## Exercise description
Each entry that follows must be output without any deviation.

## Web page caption snippets

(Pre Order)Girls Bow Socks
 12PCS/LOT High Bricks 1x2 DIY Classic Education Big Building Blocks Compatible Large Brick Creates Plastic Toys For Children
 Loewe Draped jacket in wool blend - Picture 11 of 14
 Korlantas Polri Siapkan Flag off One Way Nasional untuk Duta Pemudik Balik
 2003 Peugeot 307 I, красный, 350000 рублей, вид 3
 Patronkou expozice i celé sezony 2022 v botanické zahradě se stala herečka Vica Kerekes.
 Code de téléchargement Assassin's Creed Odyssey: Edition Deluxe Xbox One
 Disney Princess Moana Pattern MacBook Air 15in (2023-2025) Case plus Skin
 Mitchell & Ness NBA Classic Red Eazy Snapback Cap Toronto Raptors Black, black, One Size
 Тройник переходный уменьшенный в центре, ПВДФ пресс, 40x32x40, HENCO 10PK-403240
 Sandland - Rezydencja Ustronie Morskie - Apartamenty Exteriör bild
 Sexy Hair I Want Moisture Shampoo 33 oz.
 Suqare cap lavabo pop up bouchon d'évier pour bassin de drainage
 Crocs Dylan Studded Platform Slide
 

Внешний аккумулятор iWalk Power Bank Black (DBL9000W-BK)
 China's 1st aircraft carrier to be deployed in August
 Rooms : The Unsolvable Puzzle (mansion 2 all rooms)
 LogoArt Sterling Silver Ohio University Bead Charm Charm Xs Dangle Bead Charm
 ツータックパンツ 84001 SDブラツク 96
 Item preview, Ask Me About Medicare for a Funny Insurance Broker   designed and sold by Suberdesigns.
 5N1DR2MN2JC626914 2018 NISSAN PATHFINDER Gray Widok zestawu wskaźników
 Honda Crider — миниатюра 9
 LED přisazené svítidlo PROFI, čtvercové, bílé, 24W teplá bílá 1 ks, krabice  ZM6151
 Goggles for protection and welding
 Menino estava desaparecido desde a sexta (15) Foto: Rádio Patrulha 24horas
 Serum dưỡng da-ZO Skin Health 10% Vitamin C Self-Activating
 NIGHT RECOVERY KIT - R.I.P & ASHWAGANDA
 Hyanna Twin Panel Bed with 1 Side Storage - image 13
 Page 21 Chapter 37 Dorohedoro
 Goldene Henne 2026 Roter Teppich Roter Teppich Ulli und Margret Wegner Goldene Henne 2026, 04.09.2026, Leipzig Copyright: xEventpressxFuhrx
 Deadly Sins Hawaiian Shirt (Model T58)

## Result for this exercise
(Pre Order)Girls Bow Socks
 12PCS/LOT High Bricks 1x2 DIY Classic Education Big Building Blocks Compatible Large Brick Creates Plastic Toys For Children
 Loewe Draped jacket in wool blend - Picture 11 of 14
 Korlantas Polri Siapkan Flag off One Way Nasional untuk Duta Pemudik Balik
 2003 Peugeot 307 I, красный, 350000 рублей, вид 3
 Patronkou expozice i celé sezony 2022 v botanické zahradě se stala herečka Vica Kerekes.
 Code de téléchargement Assassin's Creed Odyssey: Edition Deluxe Xbox One
 Disney Princess Moana Pattern MacBook Air 15in (2023-2025) Case plus Skin
 Mitchell & Ness NBA Classic Red Eazy Snapback Cap Toronto Raptors Black, black, One Size
 Тройник переходный уменьшенный в центре, ПВДФ пресс, 40x32x40, HENCO 10PK-403240
 Sandland - Rezydencja Ustronie Morskie - Apartamenty Exteriör bild
 Sexy Hair I Want Moisture Shampoo 33 oz.
 Suqare cap lavabo pop up bouchon d'évier pour bassin de drainage
 Crocs Dylan Studded Platform Slide
 

Внешний аккумулятор iWalk Power Bank Black (DBL9000W-BK)
 China's 1st aircraft carrier to be deployed in August
 Rooms : The Unsolvable Puzzle (mansion 2 all rooms)
 LogoArt Sterling Silver Ohio University Bead Charm Charm Xs Dangle Bead Charm
 ツータックパンツ 84001 SDブラツク 96
 Item preview, Ask Me About Medicare for a Funny Insurance Broker   designed and sold by Suberdesigns.
 5N1DR2MN2JC626914 2018 NISSAN PATHFINDER Gray Widok zestawu wskaźników
 Honda Crider — миниатюра 9
 LED přisazené svítidlo PROFI, čtvercové, bílé, 24W teplá bílá 1 ks, krabice  ZM6151
 Goggles for protection and welding
 Menino estava desaparecido desde a sexta (15) Foto: Rádio Patrulha 24horas
 Serum dưỡng da-ZO Skin Health 10% Vitamin C Self-Activating
 NIGHT RECOVERY KIT - R.I.P & ASHWAGANDA
 Hyanna Twin Panel Bed with 1 Side Storage - image 13
 Page 21 Chapter 37 Dorohedoro
 Goldene Henne 2026 Roter Teppich Roter Teppich Ulli und Margret Wegner Goldene Henne 2026, 04.09.2026, Leipzig Copyright: xEventpressxFuhrx
 Deadly Sins Hawaiian Shirt (Model T58)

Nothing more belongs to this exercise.